Correlating specific genomic copy number aberrations (CNA) with disease is an important and challenging first step in biomarker discovery [1
]. Detecting CNAs that define genomic regions of interest using array comparative genomic hybridisation (aCGH) requires precise integration of probe signal amplitude, size (i.e., width) of copy number imbalanced region, and frequency of imbalance across a sample set, all referenced to relevant clinico-pathologic features.

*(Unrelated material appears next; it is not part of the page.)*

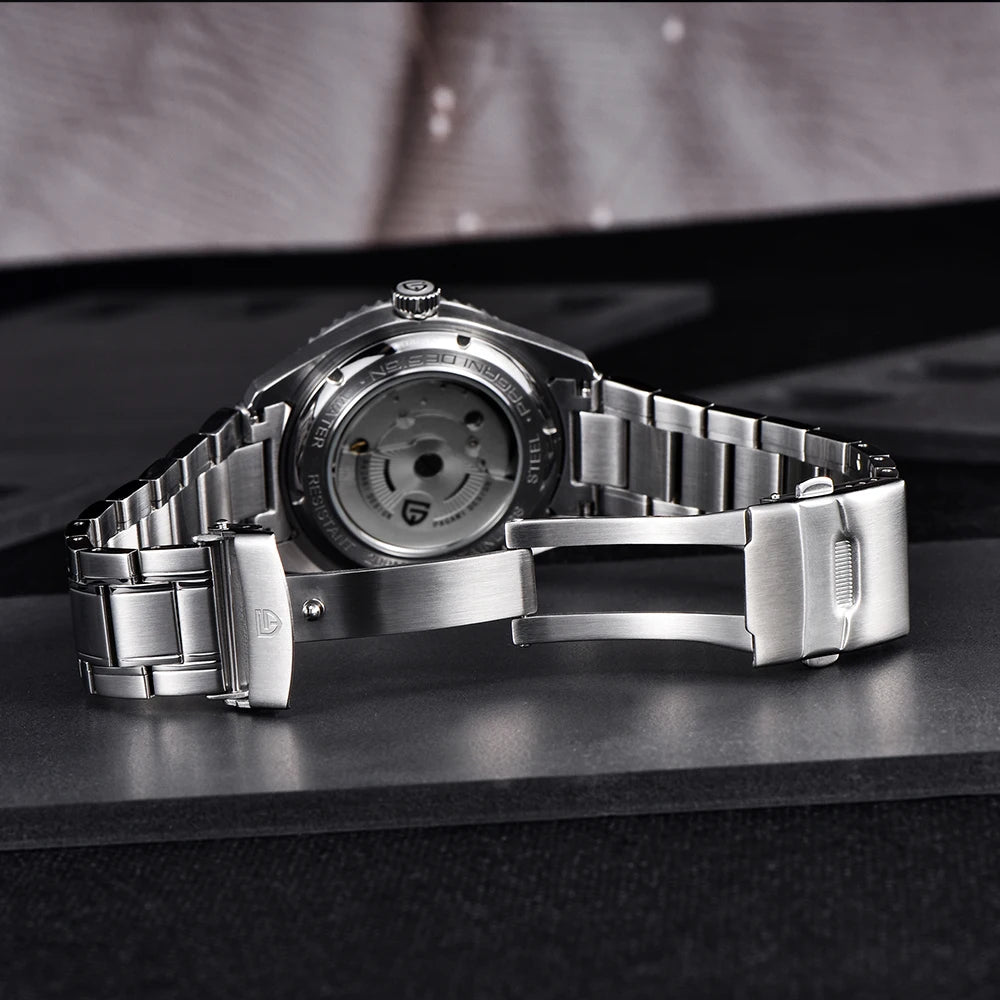 PAGANI DESIGN 2026 NEW Top GMT Men Automatic Mechanical Watches Pearl DG5833 Waterproof Luminous Sapphire Glass reloj hombre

There are two broad methods of aCGH data interpretation for biomarker discovery. The first, exemplified by the R Bioconductor package cghMCR [2
], identifies regions showing the most frequent CNAs within a sample set, ranked by average signal amplitude. This approach to prioritization may under-call low prevalence high-level CNAs, such as homozygous deletions or gene amplifications that occur in small subsets of the samples analysed. The second method, targeted gene identification, exemplified by the genome topography scanning (GTS) algorithm [3
] and Genomic Identification of Significant Targets in Cancer (GISTIC) module [4
], is designed to localize regions of copy number imbalance most likely to be of functional significance. The GTS method models CNAs using parameters of signal intensity, region width and recurrence across a sample set, moderated by gene content. While this approach is able to identify significant regions of imbalance in heterogeneous samples, it relies on prior knowledge. GISTIC calculates the background rate of random chromosomal aberrations and identifies regions that are aberrant more often than would be expected by chance, with greater weight given to high amplitude events. Although gaining favour, a recent report notes GISTIC has trouble identifying relevant minimal regions of interest within larger tracts of CNA [5
There are currently few open source methods for consolidating aCGH data across a set of samples. In addition, there are particular difficulties with handling large data sets derived from very high-density oligonucleotide-based aCGH platforms, where there may be a need to review many distinct significant regions of interest. To address these issues, we developed sliding windows adaptive thresholds CGH (swatCGH), a new computational framework for simplifying aCGH data analysis. swatCGH is a heuristic method based on strengths of the major existing approaches. It provides a robust systematic approach, which effectively automates the aCGH analysis process in order to identify CNA regions of interest and improve the reliability of candidate gene identification.
The framework is based on the analysis of average signal amplitude, region width and frequency of CNA occurrence, and enables these parameters to be identified as independent or associated events, including sample subset analysis by agglomerative hierarchical clustering. For each chromosome, swatCGH preferentially identifies regions that display the largest average signal intensity in the greatest proportion of the sample cohort.
The stages of swatCGH were designed to accommodate technical factors that may confound aCGH data analysis, particularly methods of signal intensity preprocessing, such as background correction, normalization, and classification of probe copy number states following segmentation [6
]. The R Bioconductor [8
] based method enables application of multiple preprocessing configurations, probe segmentation algorithms, and classification strategies, in order to provide the most robust definition of significant CNA regions of interest. Uniquely, the approach also allows comparison and consolidation of analyses resulting from the various preprocessing methods used.
Here, we provide a detailed description of swatCGH. We exemplify the approach using a previously published aCGH dataset based on an analysis of 38 glioblastoma multiforme (GBM) samples using Agilent 44
K oligonucleotide arrays (GSE7602) [3
]. The dataset had previously been analysed by GTS, leading to identification of functional redundancy between CDKN2A and CDKN2C tumour suppressor genes in GBM. We analysed the dataset by swatCGH, using data preprocessed with each of the four most frequently cited segmentation algorithms; circular binary segmentation from the package DNAcopy [9
], an adaptive weights smoothing method from the package GLAD [11
], an homogeneous hidden Markov model (HomHMM) provided by the package aCGH [12
], and a biologically tuned HMM (BioHMM) from the package snapCGH [13
]. By consolidating data from the four analyses, we identified the most robust CNA regions of interest in the dataset. Based on our comparison of methods for prioritizing detected CNAs, we present results as a summarized list ranked by mean signal intensity, with web-style summary pages to facilitate data verification and efficient selection of candidate genes. In addition, the detailed report of all parameters analysed allows for thorough assessment of other potential regions of interest that are not recorded on the ranked list. By comparing our findings with the previous GTS study [3
], we conclude that our heuristic framework offers a simplified high-throughput approach to defining novel genomic loci of potential clinical relevance.